Die aktu­ellen Höchst­ge­bote von 5,357 Milli­arden Euro haben die Erwar­tungen verschie­dener "Experten" deut­lich über­troffen. Diese hatten Einnahmen von etwa drei bis fünf Milli­arden Euro erwartet. In den voran­ge­gangen großen Mobil­funk­auk­tionen wurden 5,08 Milli­arden Euro (2010) bezie­hungs­weise 4,39 Milli­arden Euro (2015) erlöst.

Vor 19 Jahren: 50 Milli­arden

Bei der ersten großen "UMTS"-Auktion im Jahr 2000 waren es noch gut 50 Milli­arden Euro (100 Milli­arden DM) gewesen. Von den sechs dama­ligen Lizenz­ge­win­nern mussten zwei (Mobilcom-Multi­media und "Group 3G" unter Telefónica-Sonera später "Quam") ziem­lich schnell "aufgeben". Danach hatte sich die rest­liche Branche hoch verschuldet und in der Folge viel zu wenig Geld für einen umfas­senden Ausbau übrig - die Funk­lö­cher von damals bestehen bis heute.

Die hohen Schulden aus der UMTS-Auktion waren lang­fristig auch der Auslöser einer bei vielen preis­sen­si­blen Kunden bis heute nicht durch­ge­hend akzep­tierten Fusion von E-Plus und o2.

Aukti­ons­de­sign soll umge­stellt werden

Im Rück­blick auf die damals umstrit­tene erste große Mobil­funk­auk­tion fordern Oppo­si­ti­ons­po­li­tiker und Gewerk­schafter schon länger eine Umstel­lung des Aukti­ons­de­signs - die bei der nächsten Verstei­ge­rung im Jahre 2022 oder 2023 zum Greifen kommen könnte.

"Der Staat sollte kein Geld oder nur wenig Geld nehmen für die Frequenz­blöcke, die Vergabe aber an schär­fere Auflagen verknüpfen für die Mobil­funk­kon­zerne", sagt Rein­hard Houben, wirt­schafts­po­li­ti­scher Spre­cher der FDP-Bundes­tags­frak­tion und Mitglied im Beirat der Bundes­netz­agentur. "Durch die hohen Kosten bei der dies­jäh­rigen Frequenz­ver­gabe sind die Konzerne nun in ihren Möglich­keiten begrenzt, umfas­send zu inves­tieren." Durch die Umstel­lung des Aukti­ons­de­signs würde sich dies ändern, findet Houben.

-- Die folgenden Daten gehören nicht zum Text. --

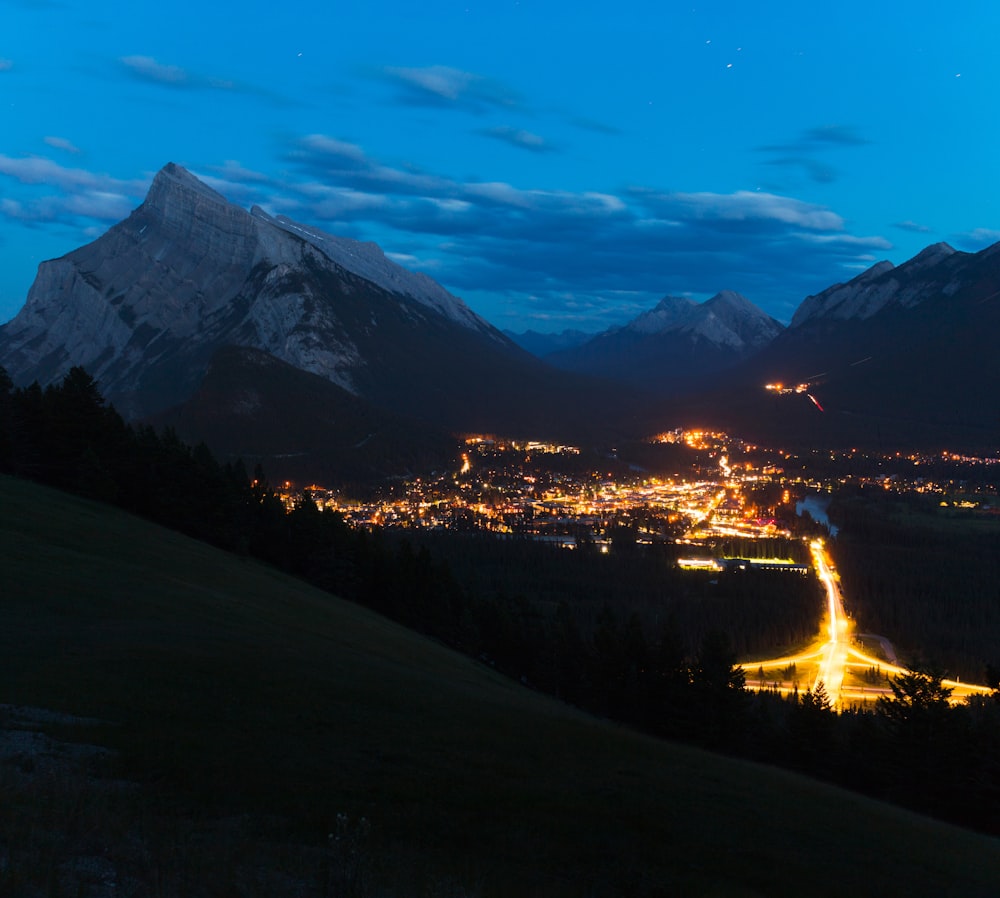 a city with lights in the mountains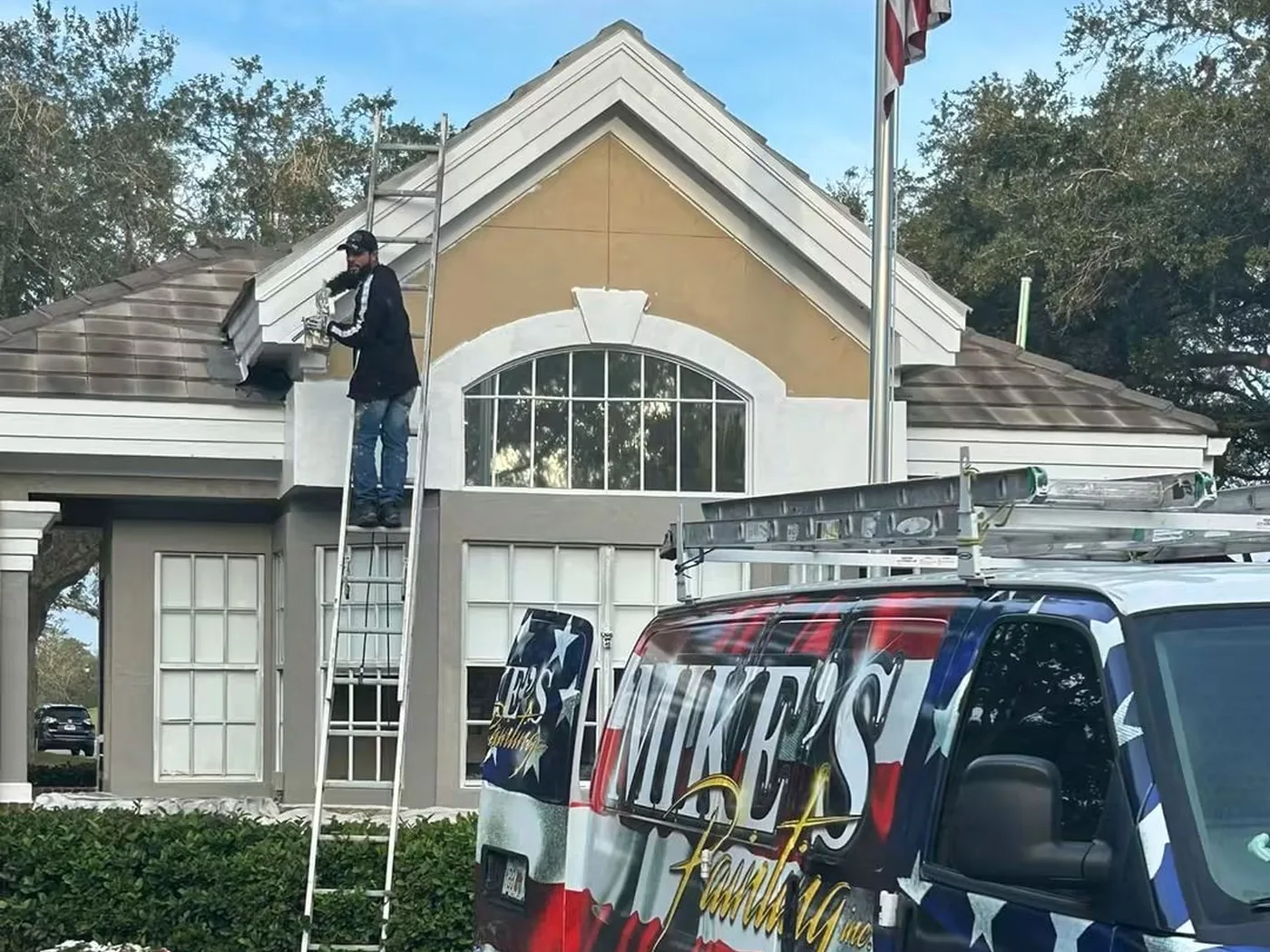 Mike's Painting crew repairing fascia and soffit on a Lakeland clubhouse from a ladder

Der Frei­de­mo­krat fordert zudem eine Umstel­lung der Ausbau­pflichten - bisher orien­tieren sie sich an Haus­halten und nicht an der Fläche: Bis Ende 2022 sollen mindes­tens 98 Prozent der Haus­halte mit schnellem mobilen Internet versorgt werden. Bezogen auf die Fläche läge die Versor­gung Schät­zungen zufolge nur bei 80 bis 90 Prozent - eine offi­zi­elle Zahl hierfür gibt es nicht. "Sich an Haus­halten zu orien­tieren, war ein Denk­fehler. Dadurch landet man immer wieder in Funk­lö­chern in Deutsch­land", moniert Houben. Ab der nächsten Auktion sollten sich die Ausbau­pflichten an der Fläche orien­tieren.

Diskus­sion nicht neu

Ähnliche Diskus­sionen hatte es auch im Vorfeld der aktu­ellen Auktion gegeben, viele Unter­nehmen hatten Klage einge­reicht. Deren Argu­mente für ein "fran­zö­si­sches Modell" waren aber unter Hinweis auf die "Frequenz­knapp­heit" nicht zuletzt durch den Präsi­denten der Bundes­netz­agentur Homann, beiseite gewischt worden.

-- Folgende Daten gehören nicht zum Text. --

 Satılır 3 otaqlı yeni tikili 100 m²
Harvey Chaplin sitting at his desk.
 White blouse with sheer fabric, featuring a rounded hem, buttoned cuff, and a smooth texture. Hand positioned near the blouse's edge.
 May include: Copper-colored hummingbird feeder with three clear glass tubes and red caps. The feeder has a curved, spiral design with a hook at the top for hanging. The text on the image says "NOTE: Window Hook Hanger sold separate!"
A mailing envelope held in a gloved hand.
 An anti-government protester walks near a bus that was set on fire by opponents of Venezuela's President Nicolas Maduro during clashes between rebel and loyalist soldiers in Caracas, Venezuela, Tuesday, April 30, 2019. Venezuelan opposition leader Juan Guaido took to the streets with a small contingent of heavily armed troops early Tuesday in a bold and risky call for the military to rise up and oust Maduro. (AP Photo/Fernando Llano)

Oliver Krischer, Vize-Frak­ti­ons­chef der Grünen im Bundestag, sieht die hohen Erlöse eben­falls skep­tisch: "Je tiefer die Netz­be­treiber in die Tasche greifen müssen, desto höher werden die 5G-Tarife sein und umso schlep­pender wird der Mobil­funk­ausbau bei 5G und LTE verlaufen." Er wies darauf hin, dass in der Schweiz die Mobil­funk­firmen umge­rechnet rund 330 Millionen Euro für die Frequenzen ausge­geben haben - diesen Wert als Maßstab hätte bei der deut­schen Frequenz­auk­tion bei etwa drei Milli­arden Euro Schluss sein müssen, sagt der Grüne. "Das wäre ein realis­ti­scher Preis ohne große Neben­wir­kungen für den Netz­ausbau."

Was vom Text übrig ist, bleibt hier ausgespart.